#### [Records to process]
[Start of section]
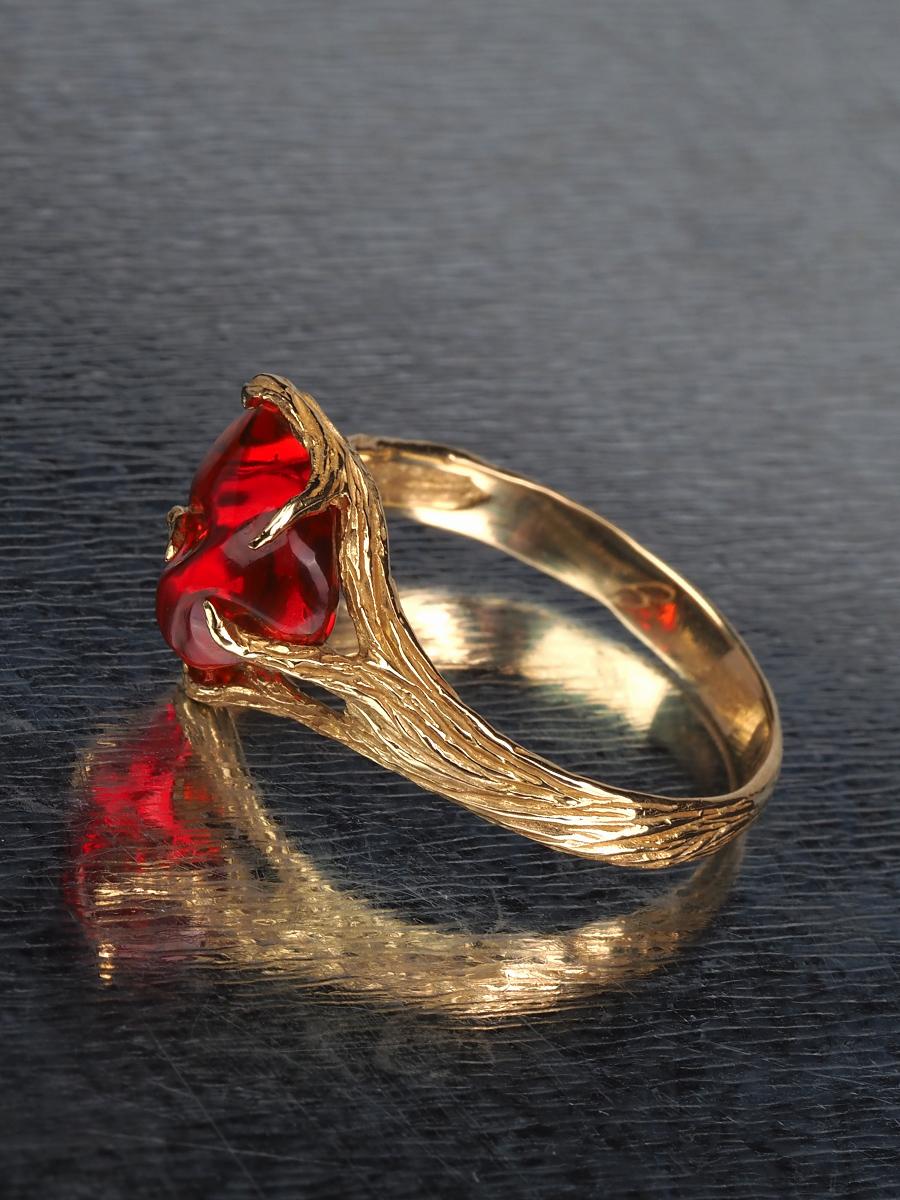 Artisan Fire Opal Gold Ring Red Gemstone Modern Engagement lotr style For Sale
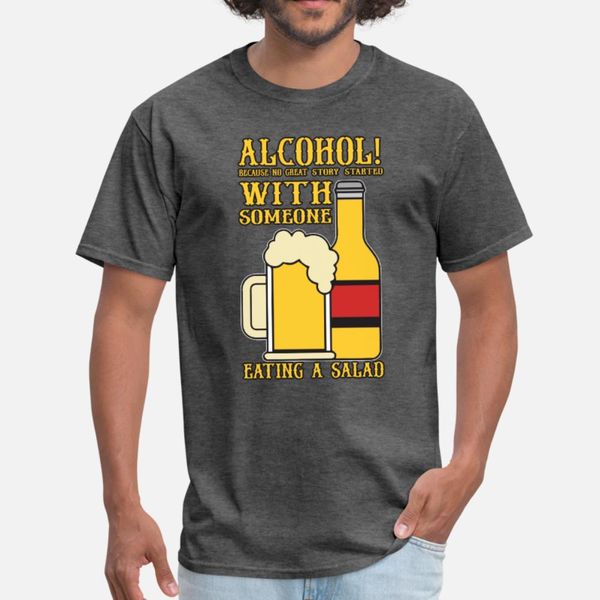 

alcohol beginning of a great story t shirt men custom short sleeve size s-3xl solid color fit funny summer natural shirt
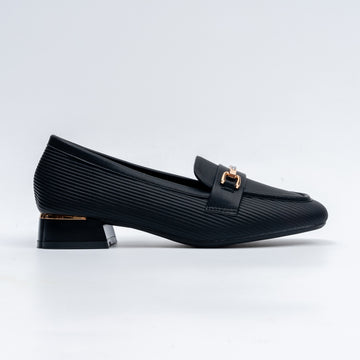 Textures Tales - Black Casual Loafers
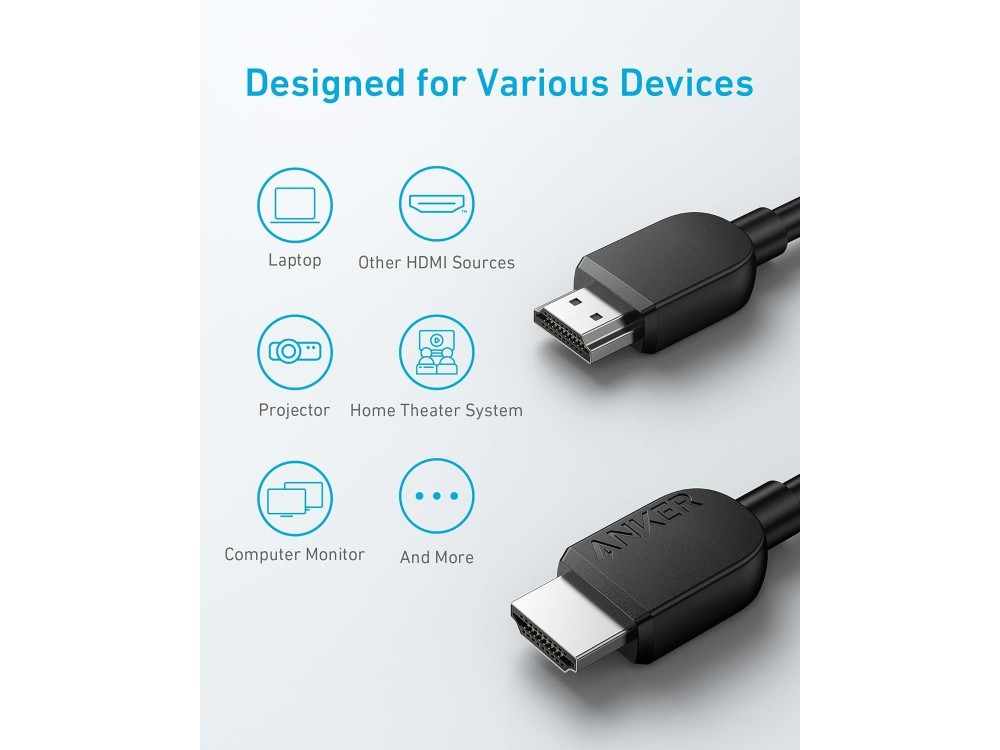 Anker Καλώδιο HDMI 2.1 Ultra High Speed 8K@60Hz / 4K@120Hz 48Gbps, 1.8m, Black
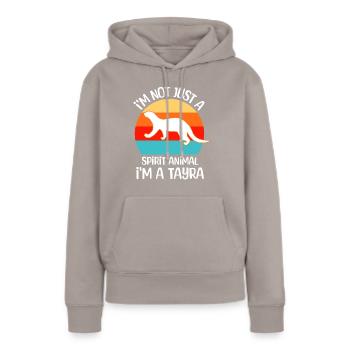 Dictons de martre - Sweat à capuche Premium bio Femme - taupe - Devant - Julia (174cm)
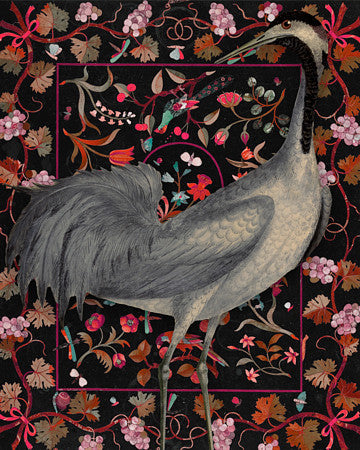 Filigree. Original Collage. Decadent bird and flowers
[End of section]
#### [Problem description]
The result should be an exact retyped version of all the entries above, containing no pictures.

#### [Response]
 Artisan Fire Opal Gold Ring Red Gemstone Modern Engagement lotr style For Sale

alcohol beginning of a great story t shirt men custom short sleeve size s-3xl solid color fit funny summer natural shirt
 Textures Tales - Black Casual Loafers
 Anker Καλώδιο HDMI 2.1 Ultra High Speed 8K@60Hz / 4K@120Hz 48Gbps, 1.8m, Black
 Dictons de martre - Sweat à capuche Premium bio Femme - taupe - Devant - Julia (174cm)
 Filigree. Original Collage. Decadent bird and flowers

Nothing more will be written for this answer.